Lines from the one containing "L.T. Noy'S Apartment Sarandë Eksteriør bilde" to the end of the records, both ends included and exactly as written, are the whole answer, and no pictures go in it.

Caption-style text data
----

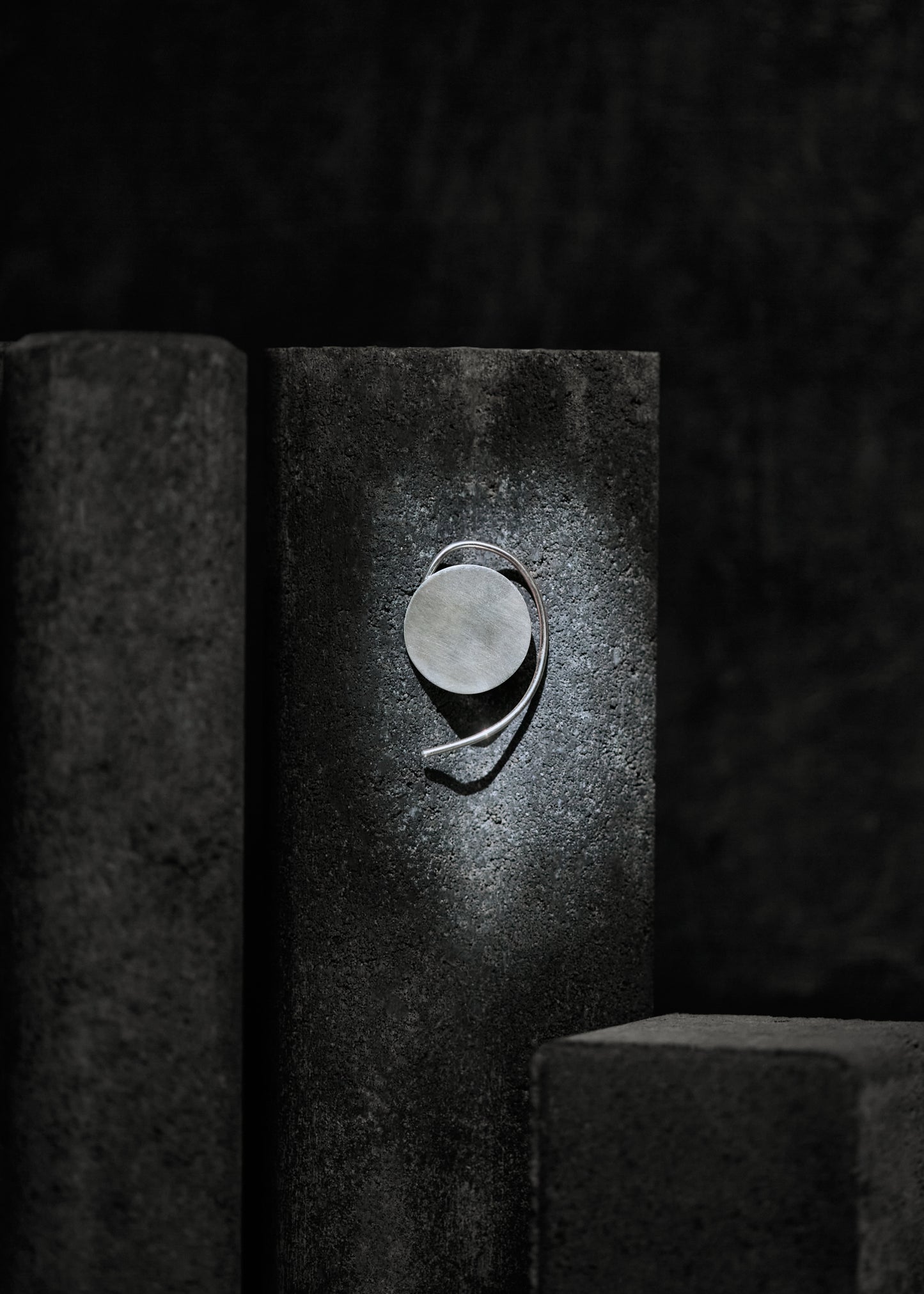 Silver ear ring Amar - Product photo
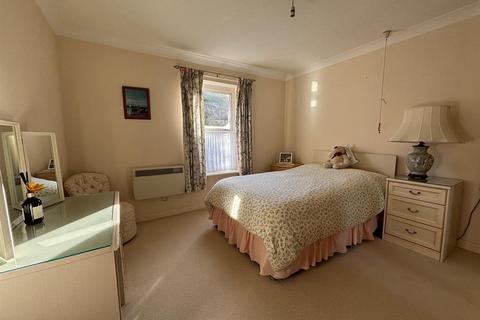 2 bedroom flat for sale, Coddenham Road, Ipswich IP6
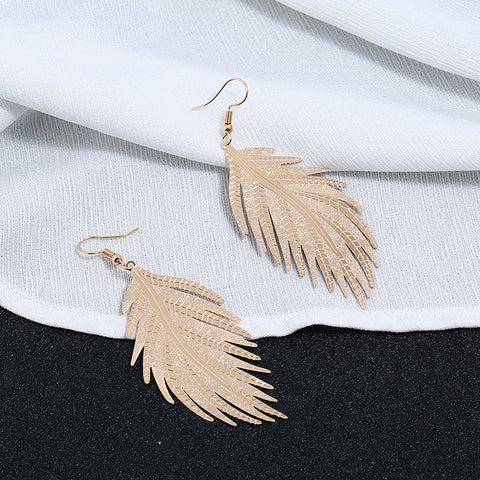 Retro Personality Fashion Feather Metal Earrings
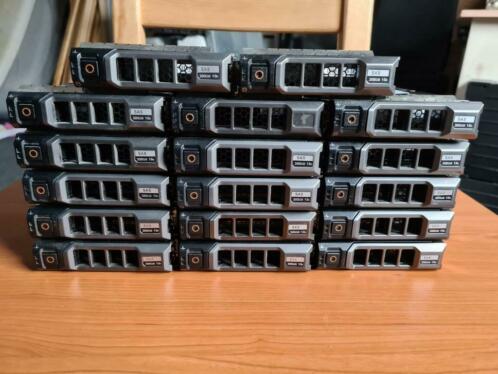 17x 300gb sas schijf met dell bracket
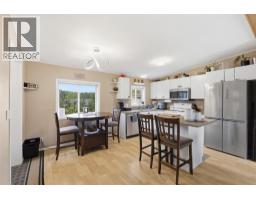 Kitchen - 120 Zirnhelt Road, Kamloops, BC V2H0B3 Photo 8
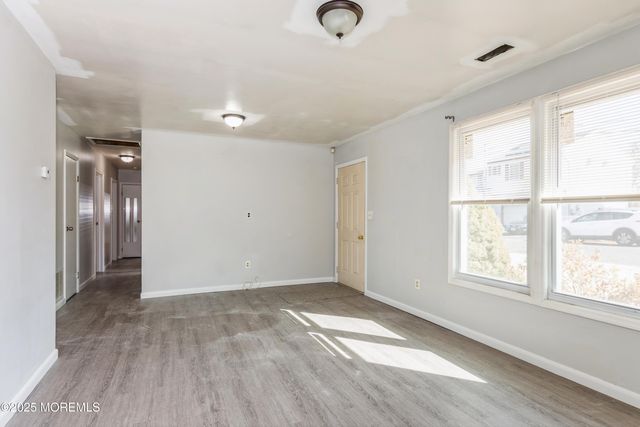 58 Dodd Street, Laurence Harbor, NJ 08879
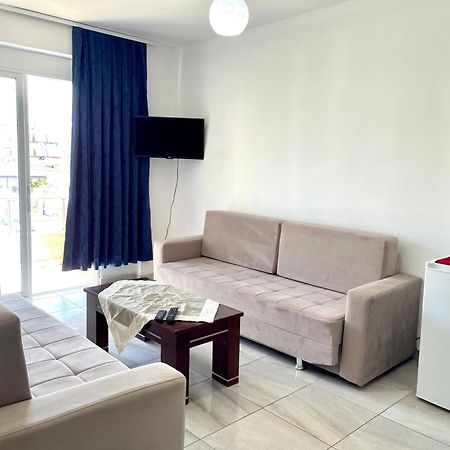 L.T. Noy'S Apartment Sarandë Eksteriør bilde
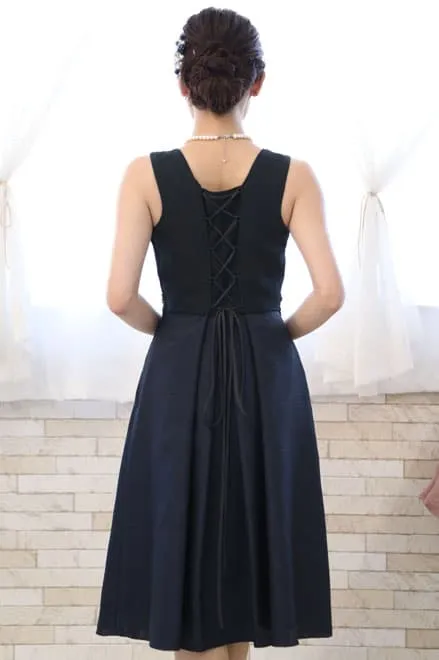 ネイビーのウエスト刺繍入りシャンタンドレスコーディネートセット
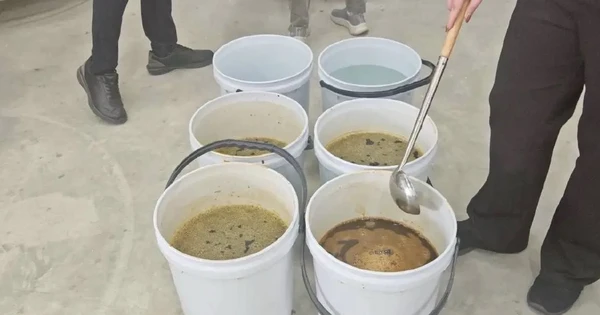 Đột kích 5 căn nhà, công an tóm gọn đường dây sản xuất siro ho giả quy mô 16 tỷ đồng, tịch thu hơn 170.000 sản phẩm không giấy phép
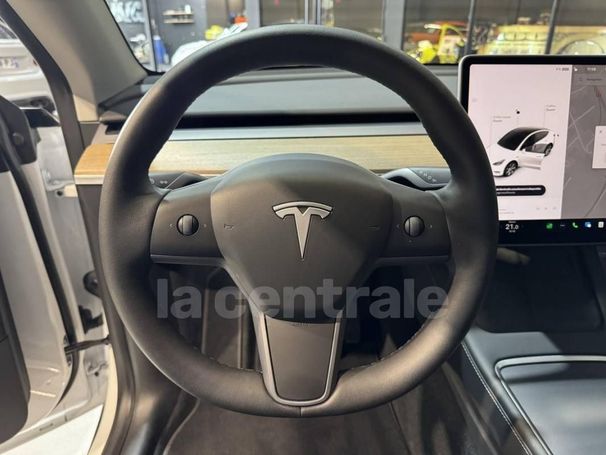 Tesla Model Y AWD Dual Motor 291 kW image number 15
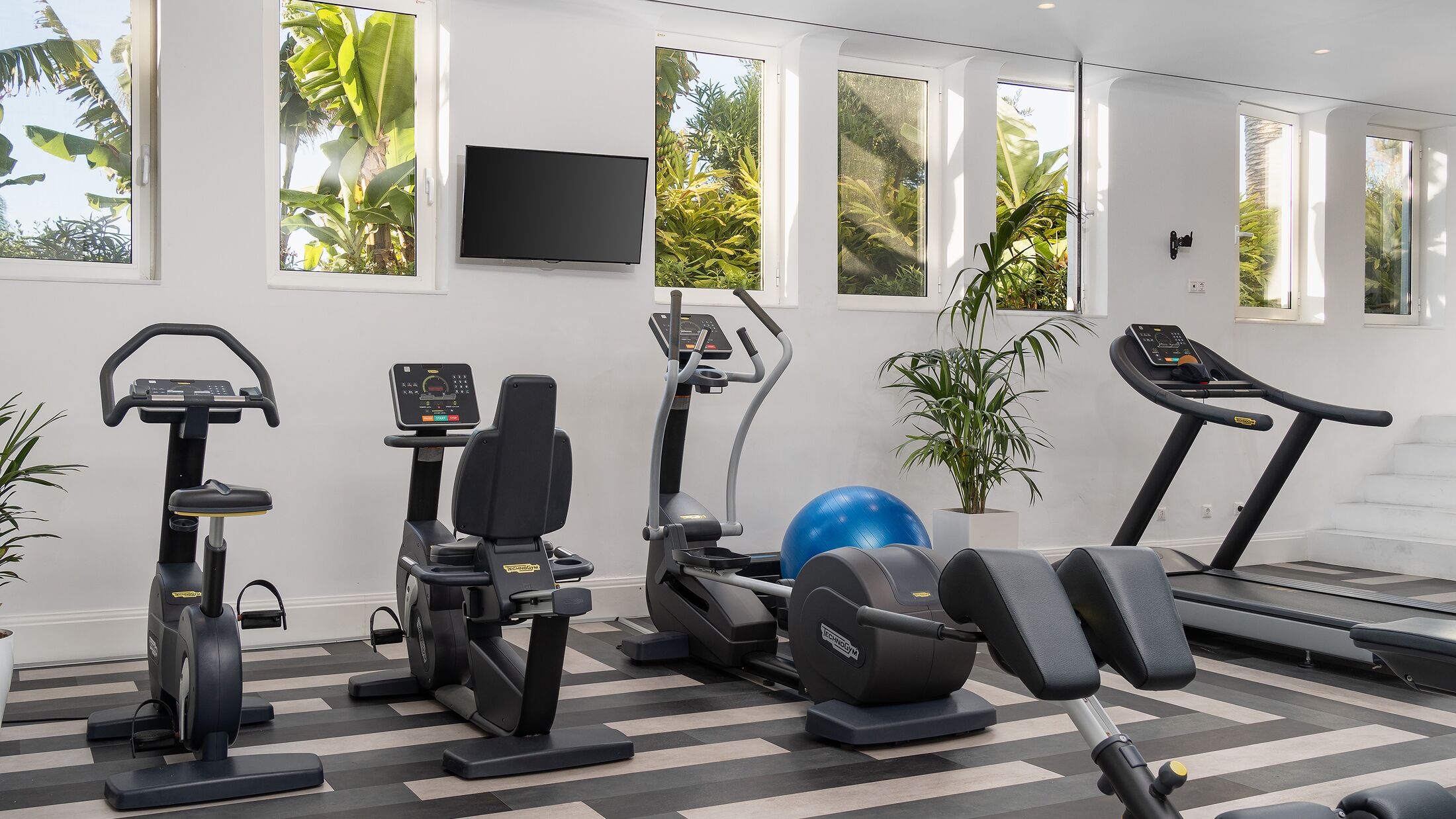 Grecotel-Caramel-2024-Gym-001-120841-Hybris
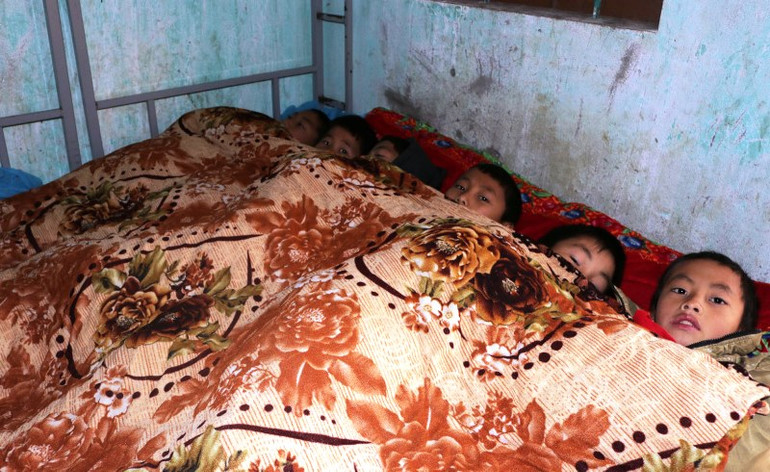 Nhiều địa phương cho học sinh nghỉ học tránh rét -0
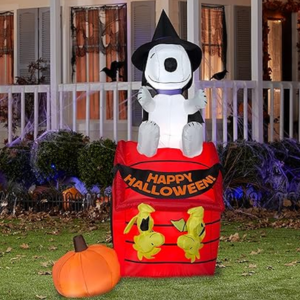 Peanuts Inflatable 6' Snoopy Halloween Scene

----

TASK SOLUTION
 L.T. Noy'S Apartment Sarandë Eksteriør bilde
 ネイビーのウエスト刺繍入りシャンタンドレスコーディネートセット
 Đột kích 5 căn nhà, công an tóm gọn đường dây sản xuất siro ho giả quy mô 16 tỷ đồng, tịch thu hơn 170.000 sản phẩm không giấy phép
 Tesla Model Y AWD Dual Motor 291 kW image number 15
 Grecotel-Caramel-2024-Gym-001-120841-Hybris
 Nhiều địa phương cho học sinh nghỉ học tránh rét -0
 Peanuts Inflatable 6' Snoopy Halloween Scene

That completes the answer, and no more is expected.